Au loin, on entendait les aras et les perroquets pousser des cris aigus et féroces.
— Eh bien, monsieur Louis ? fit Mme Maubernard, en prenant la rampe de l’escalier étroit et rude qui aboutit au plateau de Longchamp, comment trouvez-vous Cécile ?
— Bien belle, bien belle ! répondit le jeune homme, avec mélancolie.
— N’est-ce pas ?
— Elle est si belle que je regrette de l’avoir vue.
Mme Maubernard s’était arrêtée pour souffler un peu. Appuyée contre le mur, elle regardait les longs bassins étinceler sous le ciel gris, entre les branches affinées des arbres d’hiver.
— Pourquoi ? demanda-t-elle, avec vivacité.
Caillandre la débarrassait de son parapluie et de son réticule de velours vert, orné de pendeloques d’acier d’un goût très ancien.
— Parce que je suis déjà presque amoureux d’elle, et qu’elle ne voudra jamais m’épouser.
— Allons donc ! en voilà une idée !
— J’ai bien compris que je lui ai déplu, madame. Je sais que je ne suis pas beau. Et elle est si belle, elle !
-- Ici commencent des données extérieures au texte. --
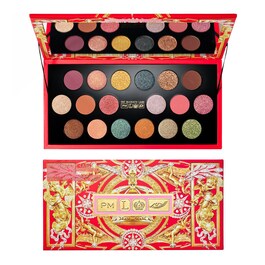 Mega Mothership Ii Celestial Odyssey - Eyeshadow Palette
Ils étaient arrivés sur le plateau. Un vent plus frais y soufflait et gémissait dans les branches toutes fourrées des cèdres majestueux et lugubres.
Le grondement des eaux, qui s’engouffraient dans les réservoirs, faisait un fracas marin, dans le silence mélancolique de cette après-midi pluvieuse. M. Caillandre marchait à petits pas pour permettre à Mme Maubernard de reprendre haleine. Et il tenait toujours à la main le parapluie de la vieille dame et son réticule aux ornements d’acier, qui y faisaient une étrange figure.
— Mon cher monsieur, dit enfin Mme Maubernard, en prenant le bras de son compagnon pour s’appuyer sur lui, je n’y vais pas par quatre chemins, je dis les choses comme elles sont. Vous verrez que vous épouserez Cécile. Dans notre société, vous savez, les jeunes filles ne font pas toujours leurs trente-six volontés. M. l’abbé et Mme Pioutte tiennent à ce mariage ; soyez tranquille ; il se fera.